We all do it; letting our friends know we’ve gone out to see a movie, we’re at the park, the mall or our favourite restaurant. It seems harmless at first, updating status’, tweeting, blogging but how far is too far? We never seem to think twice about sharing our daily activities online from the mundane to the insane, so letting your friends know you’ve left the country, the city or even the house has never been something to dwell on, until now.
Earlier this year a website called www.pleaserobme.com began raising awareness on this topic and has since received a lot of attention for their approach. The site is no longer running but essentially it used Twitters search functionality to show location based updates from people all over the world who had no problem letting everyone know exactly where they were. The creators of this website had a simple message, take caution in what you post online that may let others know when you aren’t at home.
Location based applications such as Four Square are allowing users to check-in and notify all their friends of their current location. An awesome way to find trendy new hangouts and the best sushi in town, but on the flip side you’re letting everyone know that you aren’t home. These applications are revolutionizing the way consumers interact with businesses and brands. Although they may seem flawed, it is our responsibility, as account holders on these social media sites, to restrict our content, maintain our privacy, and interact only with people we know and trust. It becomes very easy to point fingers in a situation such as this but when someone leaves their entire Facebook profile (cell phone number and all) completely open to the public and adds 1085 people they have never even met in a race to be popular, I find it difficult to sympathize.
We value our privacy offline so why is the internet so different? We build large fences around our back yards, we lock our car doors, and we guard our credit cards and social security number with our life. Aside from the frequent criticism of Facebook’s policy, privacy seems to have taken a back seat when it comes to social media. In the past few years people seem to have grown more comfortable with the internet and have gone from providing fake names to posting full addresses and phone numbers.
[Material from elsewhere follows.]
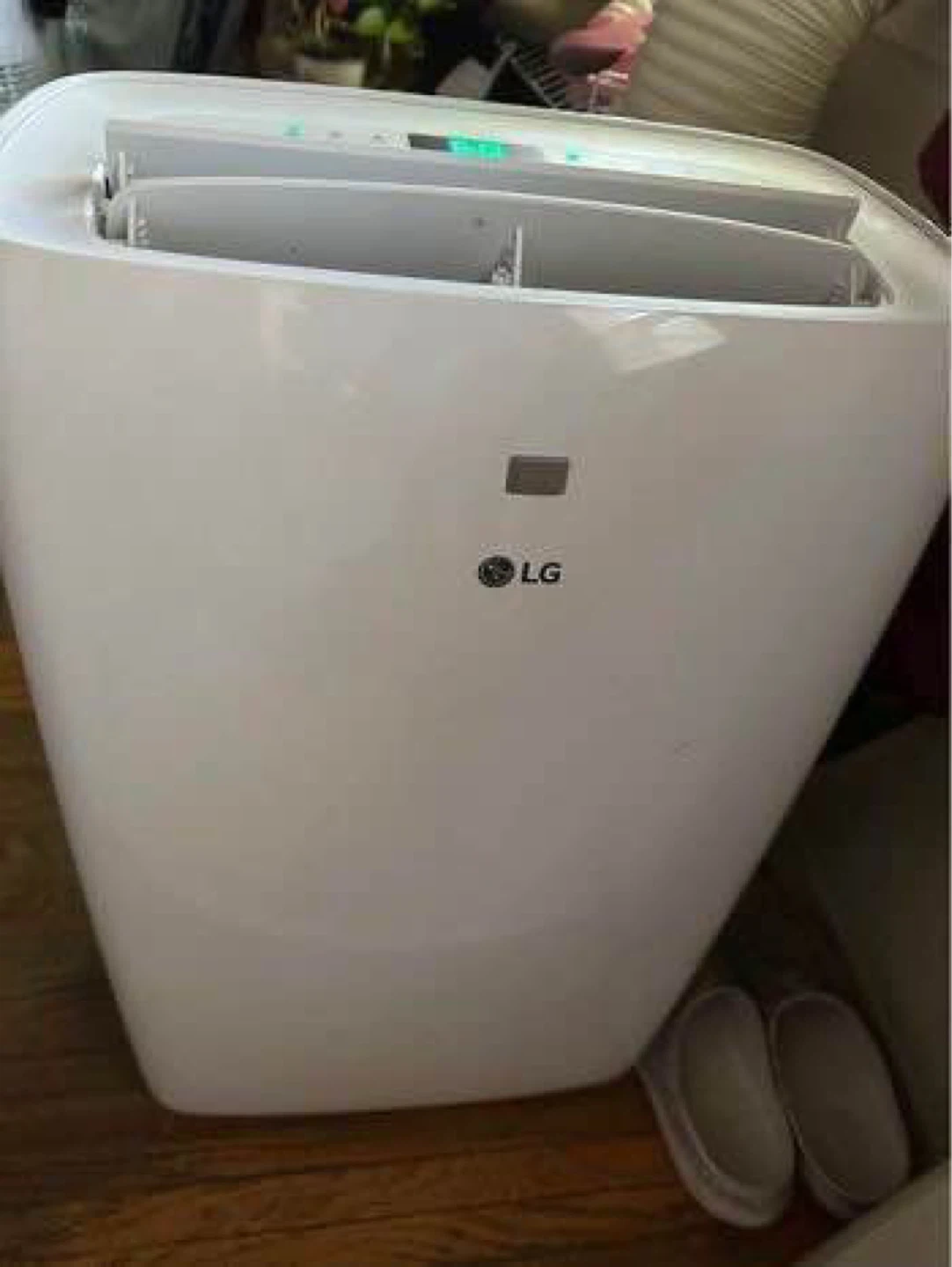 LG Portable Air Conditioner - 6,000 BTU - photo 4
Before the internet blossomed into what it is today, people used phone books to look up an address or telephone number. Today, personal database sites like www.dirtyphonebook.com are offering “uncensored people reviews” that prompt visitors to enter phone numbers and leave comments about the people with that specific number. Websites like www.pipl.com are powered by search engines that pull data on a specific person from every corner of the internet from facebook profile photos and data to news stories from local papers. Websites like these are causing a growing concern as internet users attempt to defend what little privacy they have left. Check the privacy settings on mobile apps and social networking sites so you know exactly what is being shared and remember, sometimes less really is more.